The Ancient Tradition of Universal Tolerance
Inner Traditions, Rochester, Vermont, 2005.
Translated from the French by Kenneth Hurry.

In India : A Civilization of Differences Alain Daniélou builds a bold and cogent defense of the Hindu caste system, viewing it not as racist inequality but as a natural ordering of diversity. Instead of being a hierarchy with some who are privileged and others who are despised, it is an organizing principle of a society wherein differences are embraced rather than ignored. Daniélou argues the point that negative stereotypes about the inequality of Indian society were invented by Westerners to justify the goals of colonialism. In classical India, social ethics are based on each individual’s functional role in society. These ethics vary according to caste in order to maximize the individual’s effectiveness in the social context. In the caste system it is up to the individual to achieve perfection in the state to which he or she has been born, since to a certain extent that state also forms part of a person’s nature. All people must accomplish their individual spiritual destinies while as members of a particular social group, ensuring the continuity of the group and collaborating in creating a favourable framework for all human life – thereby fulfilling the group’s collective destiny.
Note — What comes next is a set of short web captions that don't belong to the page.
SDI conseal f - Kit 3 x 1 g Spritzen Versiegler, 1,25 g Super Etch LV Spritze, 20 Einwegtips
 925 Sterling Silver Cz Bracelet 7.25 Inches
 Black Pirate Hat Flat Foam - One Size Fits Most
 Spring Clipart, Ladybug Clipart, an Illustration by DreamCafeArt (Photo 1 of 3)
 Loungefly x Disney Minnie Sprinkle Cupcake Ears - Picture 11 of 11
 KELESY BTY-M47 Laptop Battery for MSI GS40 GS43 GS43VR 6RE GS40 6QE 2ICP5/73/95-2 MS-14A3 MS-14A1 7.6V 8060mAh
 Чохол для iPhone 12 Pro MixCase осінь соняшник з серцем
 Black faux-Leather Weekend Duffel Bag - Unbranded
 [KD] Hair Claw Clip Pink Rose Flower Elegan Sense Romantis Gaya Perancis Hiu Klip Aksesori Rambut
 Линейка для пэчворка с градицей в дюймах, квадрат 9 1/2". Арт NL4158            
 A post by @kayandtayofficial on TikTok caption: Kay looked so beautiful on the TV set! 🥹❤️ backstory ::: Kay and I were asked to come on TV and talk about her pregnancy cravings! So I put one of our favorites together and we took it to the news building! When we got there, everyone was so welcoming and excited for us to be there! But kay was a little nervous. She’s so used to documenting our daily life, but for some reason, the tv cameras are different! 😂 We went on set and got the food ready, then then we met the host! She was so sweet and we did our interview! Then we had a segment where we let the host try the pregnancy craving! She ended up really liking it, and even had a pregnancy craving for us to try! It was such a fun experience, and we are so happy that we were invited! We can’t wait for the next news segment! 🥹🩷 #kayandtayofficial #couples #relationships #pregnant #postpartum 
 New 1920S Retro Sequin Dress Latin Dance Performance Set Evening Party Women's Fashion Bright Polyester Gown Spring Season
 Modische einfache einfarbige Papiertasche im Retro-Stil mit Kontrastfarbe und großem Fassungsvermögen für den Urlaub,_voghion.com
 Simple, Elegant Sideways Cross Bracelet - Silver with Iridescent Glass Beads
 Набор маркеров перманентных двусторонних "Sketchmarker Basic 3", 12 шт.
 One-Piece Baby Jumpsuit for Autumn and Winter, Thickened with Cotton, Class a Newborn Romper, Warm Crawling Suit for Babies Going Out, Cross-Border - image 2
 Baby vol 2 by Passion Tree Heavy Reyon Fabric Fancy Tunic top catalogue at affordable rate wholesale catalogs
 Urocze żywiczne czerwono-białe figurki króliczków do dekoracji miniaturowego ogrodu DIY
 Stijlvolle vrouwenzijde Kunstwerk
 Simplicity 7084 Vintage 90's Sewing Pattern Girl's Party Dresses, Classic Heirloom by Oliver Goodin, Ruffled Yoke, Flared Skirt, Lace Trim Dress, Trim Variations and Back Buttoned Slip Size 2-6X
The notion of transmigration provides an equalizing effect on this prescribed system in that today’s prince may be reborn as a woodcutter and the Brahman as a shoemaker. Daniélou thoroughly explores this seldom-heard side of the caste debate and argues effectively in its favor. This rare collection of the late author’s writings contains several never-before-published articles and offers an in-depth look at the structure of Indian society before and after Western colonialism.